* TRY IT *
Please copy the entries below word for word.

* SUPPLIED ENTRIES *
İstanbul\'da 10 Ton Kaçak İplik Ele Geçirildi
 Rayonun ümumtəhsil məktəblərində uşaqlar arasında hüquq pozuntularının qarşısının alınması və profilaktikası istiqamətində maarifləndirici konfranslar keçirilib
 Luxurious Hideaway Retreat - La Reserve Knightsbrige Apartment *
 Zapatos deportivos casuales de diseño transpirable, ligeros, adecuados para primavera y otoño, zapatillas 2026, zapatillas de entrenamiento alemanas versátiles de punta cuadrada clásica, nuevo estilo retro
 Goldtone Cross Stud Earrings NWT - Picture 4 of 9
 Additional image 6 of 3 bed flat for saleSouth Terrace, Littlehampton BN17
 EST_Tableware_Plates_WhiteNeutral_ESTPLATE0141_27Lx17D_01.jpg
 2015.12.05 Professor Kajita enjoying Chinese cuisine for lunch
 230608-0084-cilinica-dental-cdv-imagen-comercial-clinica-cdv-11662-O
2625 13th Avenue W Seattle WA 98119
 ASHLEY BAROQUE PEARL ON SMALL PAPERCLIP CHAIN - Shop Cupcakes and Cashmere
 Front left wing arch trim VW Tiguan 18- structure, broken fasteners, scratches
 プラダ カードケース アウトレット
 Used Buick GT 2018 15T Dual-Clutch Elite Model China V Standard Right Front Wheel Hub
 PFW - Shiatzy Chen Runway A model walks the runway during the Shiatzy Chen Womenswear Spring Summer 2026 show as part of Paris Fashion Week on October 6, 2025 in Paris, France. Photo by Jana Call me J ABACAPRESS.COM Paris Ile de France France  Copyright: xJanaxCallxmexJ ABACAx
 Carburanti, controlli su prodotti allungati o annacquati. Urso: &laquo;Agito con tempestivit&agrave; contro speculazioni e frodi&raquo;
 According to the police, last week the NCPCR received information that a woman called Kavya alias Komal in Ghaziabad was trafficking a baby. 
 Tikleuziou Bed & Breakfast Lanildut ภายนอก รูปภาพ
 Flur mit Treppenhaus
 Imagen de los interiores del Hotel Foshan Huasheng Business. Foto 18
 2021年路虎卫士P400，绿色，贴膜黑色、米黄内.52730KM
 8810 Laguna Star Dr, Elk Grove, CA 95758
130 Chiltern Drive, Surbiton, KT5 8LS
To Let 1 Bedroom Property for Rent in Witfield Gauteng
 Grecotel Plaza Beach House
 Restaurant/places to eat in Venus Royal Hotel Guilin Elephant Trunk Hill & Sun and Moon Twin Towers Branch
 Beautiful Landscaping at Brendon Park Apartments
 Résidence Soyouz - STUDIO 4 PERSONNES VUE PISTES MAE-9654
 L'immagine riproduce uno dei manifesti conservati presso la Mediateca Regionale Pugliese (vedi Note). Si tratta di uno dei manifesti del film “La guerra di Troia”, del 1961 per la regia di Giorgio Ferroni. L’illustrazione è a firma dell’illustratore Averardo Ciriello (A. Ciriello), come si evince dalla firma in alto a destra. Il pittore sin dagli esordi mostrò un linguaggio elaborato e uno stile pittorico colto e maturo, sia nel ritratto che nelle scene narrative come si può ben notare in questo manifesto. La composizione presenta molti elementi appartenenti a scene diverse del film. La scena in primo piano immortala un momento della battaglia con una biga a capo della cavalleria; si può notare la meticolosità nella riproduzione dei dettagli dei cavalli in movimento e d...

* EXERCISE OUTPUT *
İstanbul\'da 10 Ton Kaçak İplik Ele Geçirildi
 Rayonun ümumtəhsil məktəblərində uşaqlar arasında hüquq pozuntularının qarşısının alınması və profilaktikası istiqamətində maarifləndirici konfranslar keçirilib
 Luxurious Hideaway Retreat - La Reserve Knightsbrige Apartment *
 Zapatos deportivos casuales de diseño transpirable, ligeros, adecuados para primavera y otoño, zapatillas 2026, zapatillas de entrenamiento alemanas versátiles de punta cuadrada clásica, nuevo estilo retro
 Goldtone Cross Stud Earrings NWT - Picture 4 of 9
 Additional image 6 of 3 bed flat for saleSouth Terrace, Littlehampton BN17
 EST_Tableware_Plates_WhiteNeutral_ESTPLATE0141_27Lx17D_01.jpg
 2015.12.05 Professor Kajita enjoying Chinese cuisine for lunch
 230608-0084-cilinica-dental-cdv-imagen-comercial-clinica-cdv-11662-O
2625 13th Avenue W Seattle WA 98119
 ASHLEY BAROQUE PEARL ON SMALL PAPERCLIP CHAIN - Shop Cupcakes and Cashmere
 Front left wing arch trim VW Tiguan 18- structure, broken fasteners, scratches
 プラダ カードケース アウトレット
 Used Buick GT 2018 15T Dual-Clutch Elite Model China V Standard Right Front Wheel Hub
 PFW - Shiatzy Chen Runway A model walks the runway during the Shiatzy Chen Womenswear Spring Summer 2026 show as part of Paris Fashion Week on October 6, 2025 in Paris, France. Photo by Jana Call me J ABACAPRESS.COM Paris Ile de France France  Copyright: xJanaxCallxmexJ ABACAx
 Carburanti, controlli su prodotti allungati o annacquati. Urso: &laquo;Agito con tempestivit&agrave; contro speculazioni e frodi&raquo;
 According to the police, last week the NCPCR received information that a woman called Kavya alias Komal in Ghaziabad was trafficking a baby. 
 Tikleuziou Bed & Breakfast Lanildut ภายนอก รูปภาพ
 Flur mit Treppenhaus
 Imagen de los interiores del Hotel Foshan Huasheng Business. Foto 18
 2021年路虎卫士P400，绿色，贴膜黑色、米黄内.52730KM
 8810 Laguna Star Dr, Elk Grove, CA 95758
130 Chiltern Drive, Surbiton, KT5 8LS
To Let 1 Bedroom Property for Rent in Witfield Gauteng
 Grecotel Plaza Beach House
 Restaurant/places to eat in Venus Royal Hotel Guilin Elephant Trunk Hill & Sun and Moon Twin Towers Branch
 Beautiful Landscaping at Brendon Park Apartments
 Résidence Soyouz - STUDIO 4 PERSONNES VUE PISTES MAE-9654
 L'immagine riproduce uno dei manifesti conservati presso la Mediateca Regionale Pugliese (vedi Note). Si tratta di uno dei manifesti del film “La guerra di Troia”, del 1961 per la regia di Giorgio Ferroni. L’illustrazione è a firma dell’illustratore Averardo Ciriello (A. Ciriello), come si evince dalla firma in alto a destra. Il pittore sin dagli esordi mostrò un linguaggio elaborato e uno stile pittorico colto e maturo, sia nel ritratto che nelle scene narrative come si può ben notare in questo manifesto. La composizione presenta molti elementi appartenenti a scene diverse del film. La scena in primo piano immortala un momento della battaglia con una biga a capo della cavalleria; si può notare la meticolosità nella riproduzione dei dettagli dei cavalli in movimento e d...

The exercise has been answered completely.